TASK BRIEF
All of the records below are to be output exactly; no image belongs in the result.
::: RECORDS FOR THE TASK
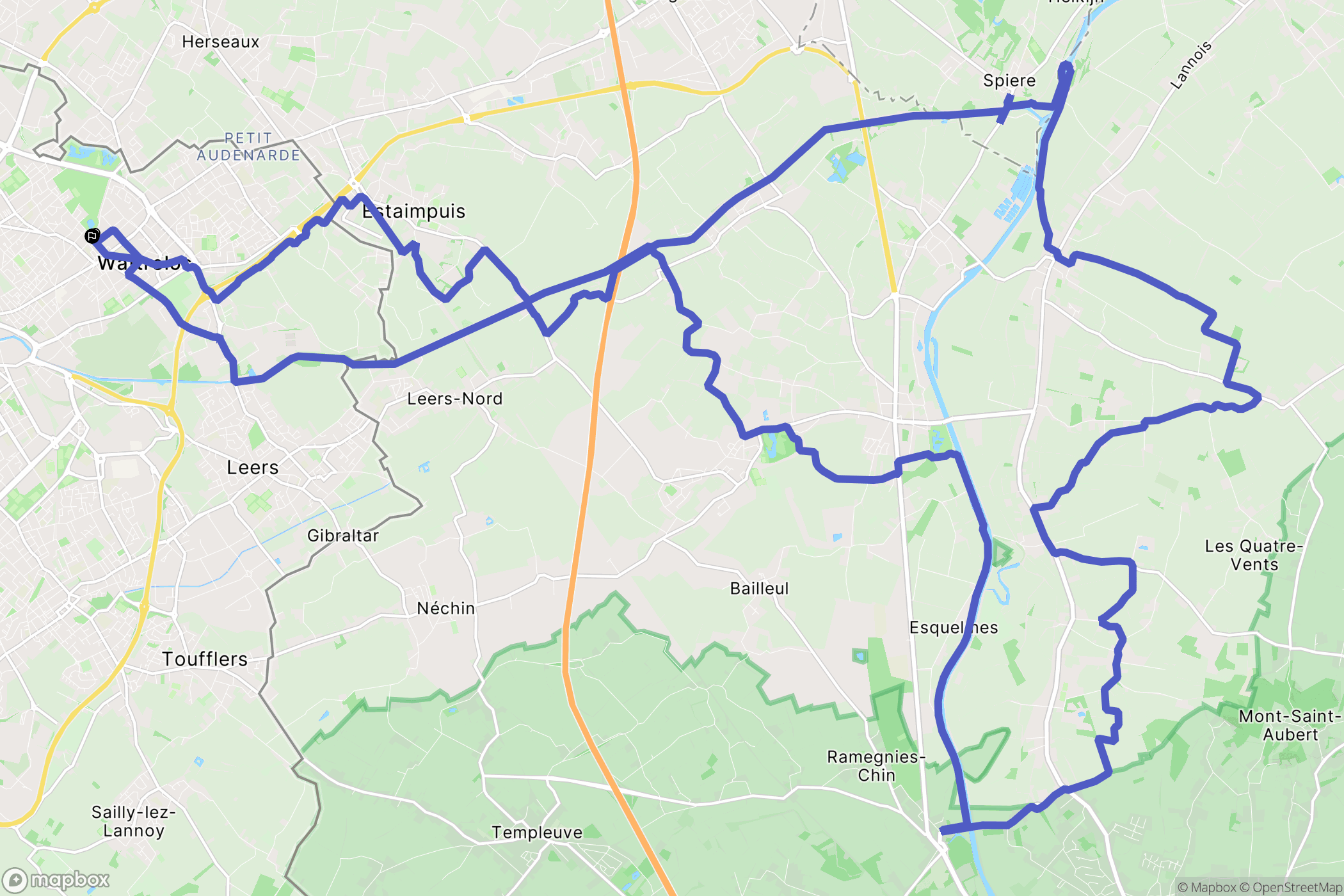 Wattrelos : carte du parcours de randonnée - France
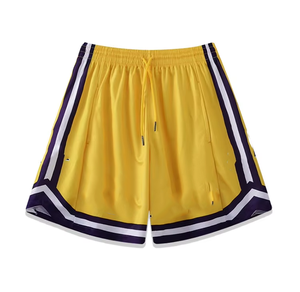กางเกงขาสั้นบาสเก็ตบอลสำหรับผู้ชายกางเกงขาสั้นสำหรับเล่นบาสเก็ตบอลโลโก้เสื้อยืดกีฬายิมกลางระบายอากาศได้ดี - Product Image 3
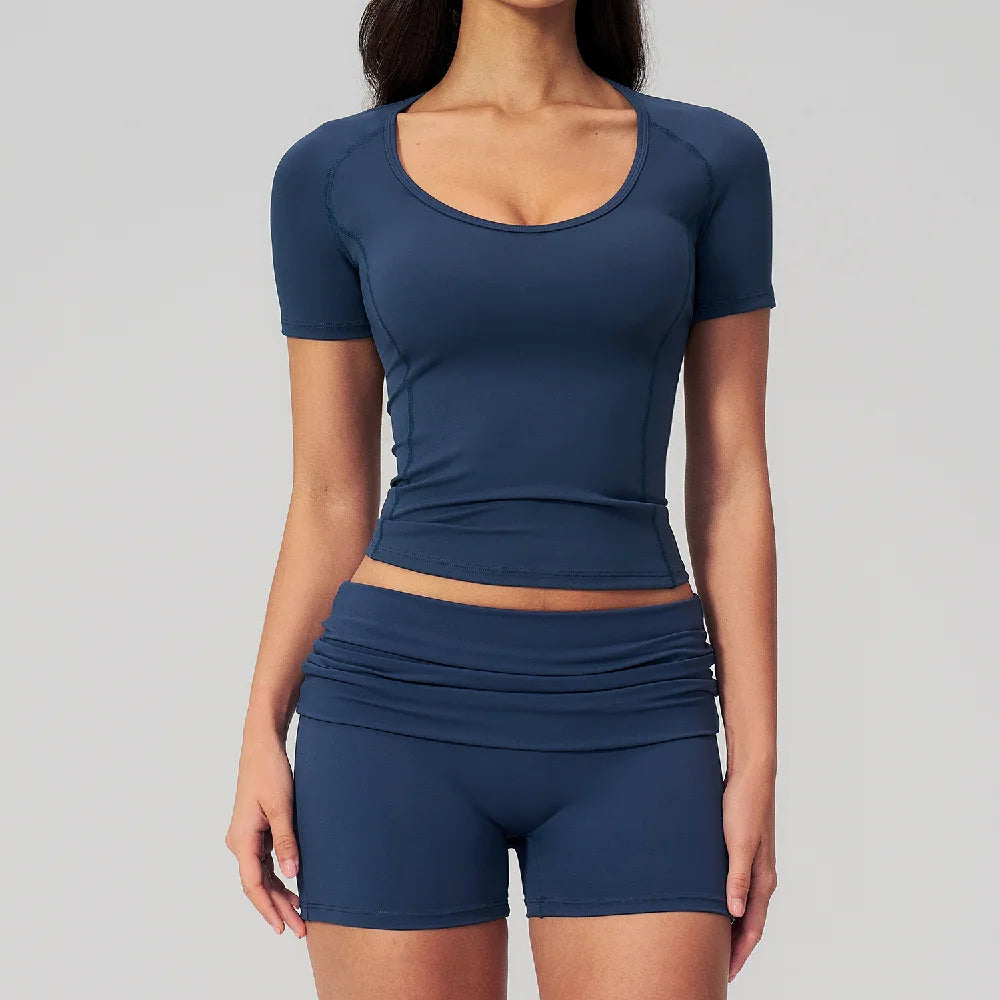 Summer 2PCS Tracksuits Yoga Suit Female Fitness Suit Running Workout Tops Shockproof Crop Sports Top Athletic Wear Sports Suit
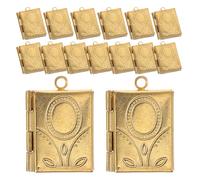 SHINEOFI 15 Stück Vintage Kupfer Buch Medaillon Anhänger Klein Anlaufbeständig Schmuckanhänger für Basteln Fotohalter und Schlüsselanhänger Geschenkidee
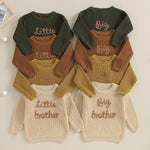 Baby Boys Sweater Letter Embroidery Little Brother Crew Neck Long Sleeve Pullover Top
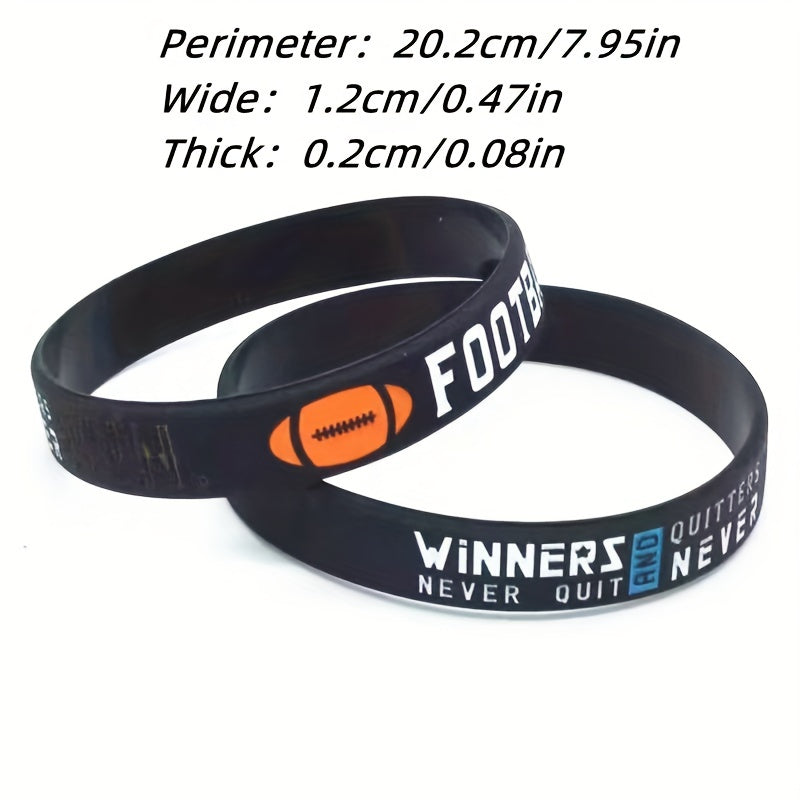 Football Rugby Believe You Can Victory Never Give Up Silicone Wristband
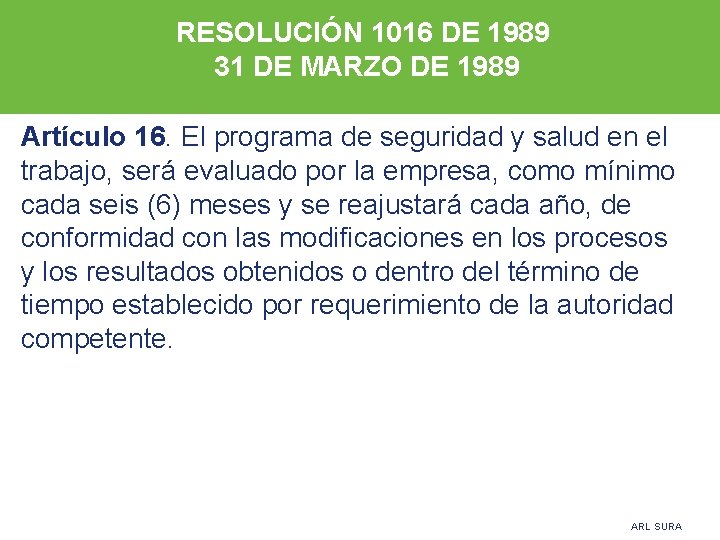 RESOLUCIÓN 1016 DE 1989 31 DE MARZO DE 1989 Artículo 16. El programa de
::::::
EXERCISE RESPONSE
 Wattrelos : carte du parcours de randonnée - France
กางเกงขาสั้นบาสเก็ตบอลสำหรับผู้ชายกางเกงขาสั้นสำหรับเล่นบาสเก็ตบอลโลโก้เสื้อยืดกีฬายิมกลางระบายอากาศได้ดี - Product Image 3
 Summer 2PCS Tracksuits Yoga Suit Female Fitness Suit Running Workout Tops Shockproof Crop Sports Top Athletic Wear Sports Suit
 SHINEOFI 15 Stück Vintage Kupfer Buch Medaillon Anhänger Klein Anlaufbeständig Schmuckanhänger für Basteln Fotohalter und Schlüsselanhänger Geschenkidee
 Baby Boys Sweater Letter Embroidery Little Brother Crew Neck Long Sleeve Pullover Top
 Football Rugby Believe You Can Victory Never Give Up Silicone Wristband
 RESOLUCIÓN 1016 DE 1989 31 DE MARZO DE 1989 Artículo 16. El programa de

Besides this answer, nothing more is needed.